受賞者
自然科学研究科生命科学専攻 博士後期課程1年 木下 佳昭さん
表彰式
平成26年7月9日(水)10時40分より 西5号館6階学長室において、表彰状と副賞を授与
表彰理由
世界で初めてマイコプラズマ・モービレの滑走装置の単位ステップを発見し、その成果を米科学アカデミー紀要(PNAS, Proceedings
of National Academy of Sciences of the United States of
America)に第一著者として原著論文を発表 したため。
研究内容
マイコプラズマは、人肺炎などを引き起こす病原性のバクテリアです。このバクテリアは、宿主表面上を滑るように動くことで、病原性を発揮します。しかしながら、病気と密接に結びつくこの運動は、既知のものとは全く異なり、これまでの生物学では説明がつかない謎に包まれています。中でも魚に寄生する『マイコプラズマモービレ』という種では、私達の常識では考えられない運動を示します。何と、このバクテリアは、1秒間に自身の5倍もの距離を動くことができます。つまり、人と同じ大きさで考えると時速30
kmに達します。何故、バクテリアのような小さな生き物がこのような動きを達成できるのでしょうか?私は、この謎の解明を目指して、最先端の光学顕微鏡を用いてバクテリアが生み出すナノメートル(約1万分の1ミリメートル)の動きに迫りました。 結果は驚くべきものでした。何と、このバクテリアは、まるで人間が歩くように決まった距離をステップ運動していたのです。また、その大きさはこれまで知られていた運動装置の歩幅の中で最大でした。この結果は、このバクテリアが有する最速の滑走能を説明できるかもしれません。

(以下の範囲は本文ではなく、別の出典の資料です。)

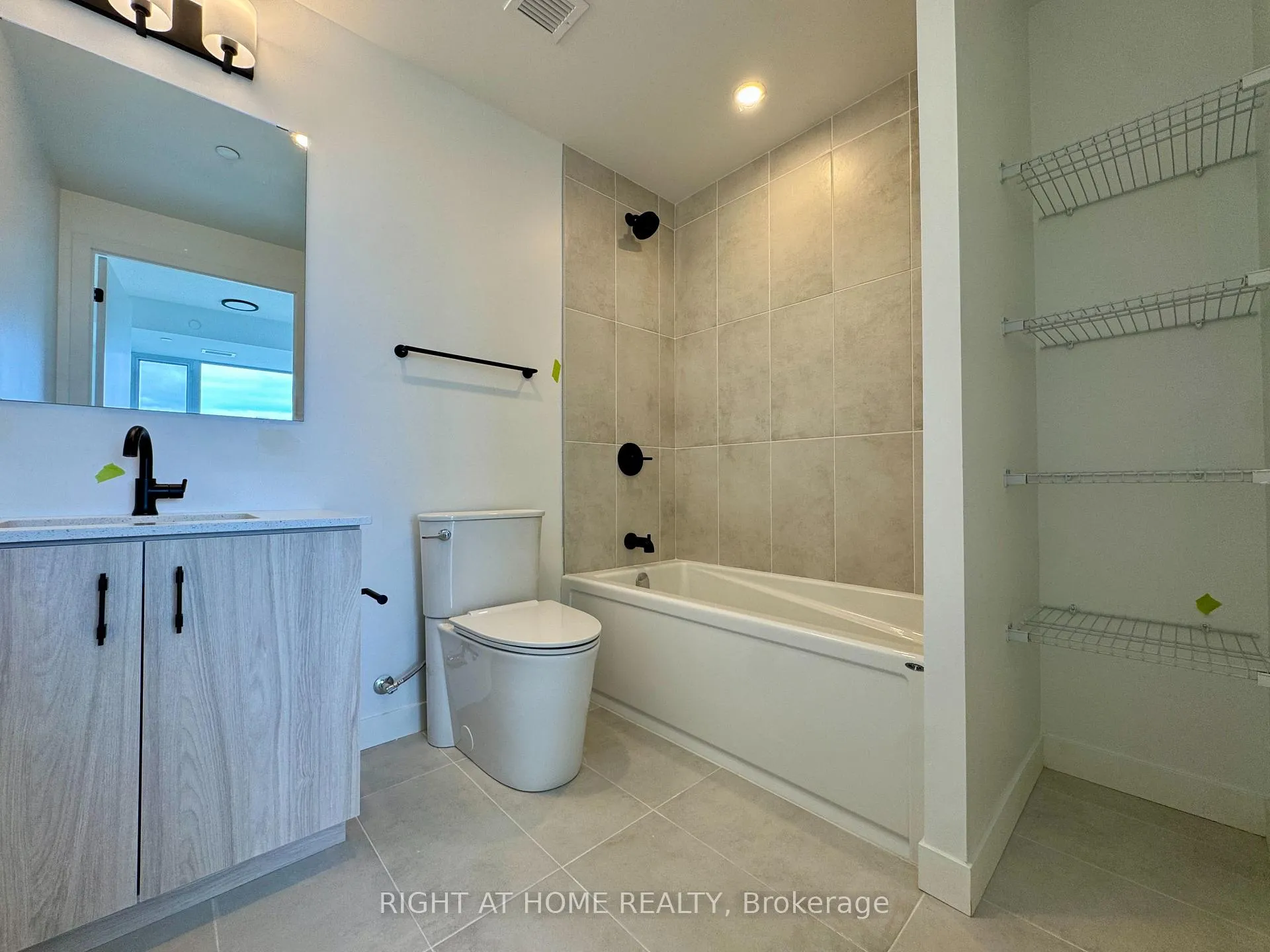 Photo 12 of Unit D1209, 4878 Powers Common, Burlington, Alton — HOMEH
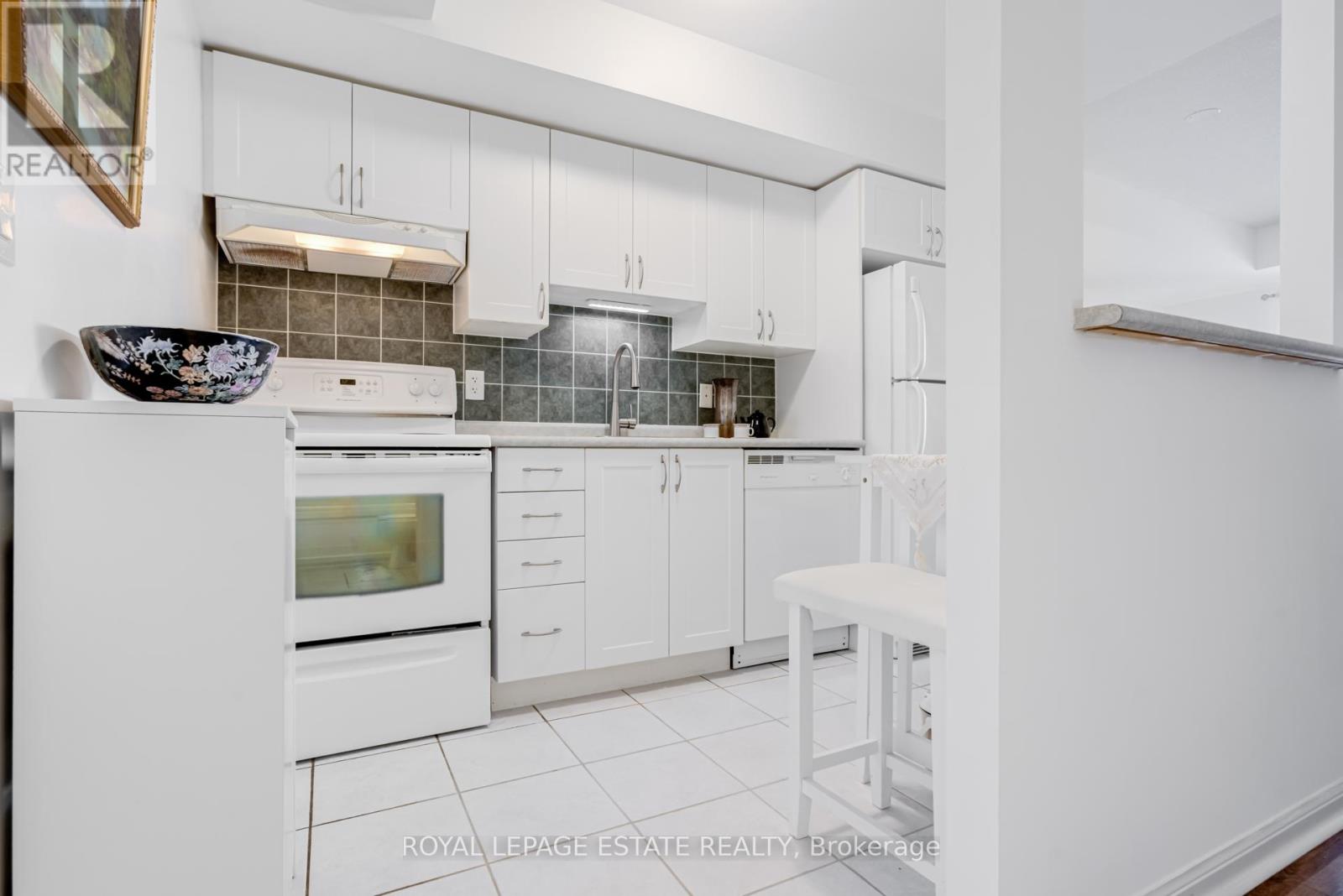 405 - 4 Elsinore Path, Toronto (New Toronto), Ontario  M8V 4G7 - Photo 7 - W12778466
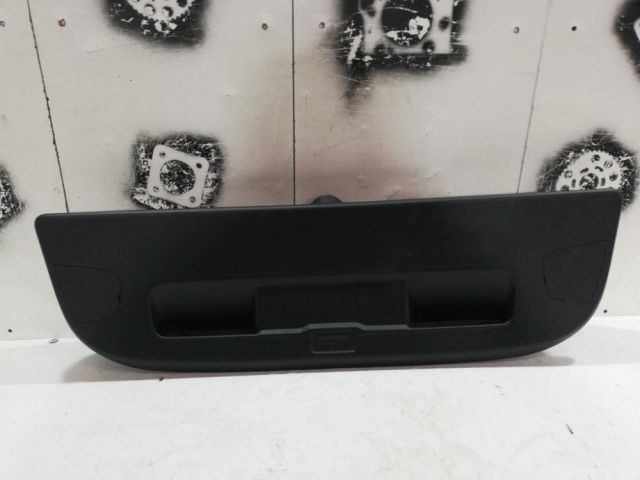 bontott HYUNDAI i20 III Csomagtérajtó Kárpit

今回の成果は、マイコプラズマの感染プロセスに必須な滑走運動の本質を理解し、安全性の高いマイコプラズマ特効薬の開発につながる重要な知見と考えられます。受賞コメント
今回、学長表彰という名誉ある賞を頂き、大変光栄に思います。このような賞を頂けたことは、西坂崇之教授の指導があったからです。西坂研究室は、最先端の光学顕微鏡が整っており、これまで見えなかったものを可視化するためのノウハウがあります。このような素晴らしい環境で研究を行うことで、私の初めての研究テーマが権威ある海外雑誌に掲載されました。この場を借りて、西坂先生並びに研究室の皆様に心より感謝いたします。今後も、この環境で研究に邁進し、世界初の研究を国内外に発信していきます。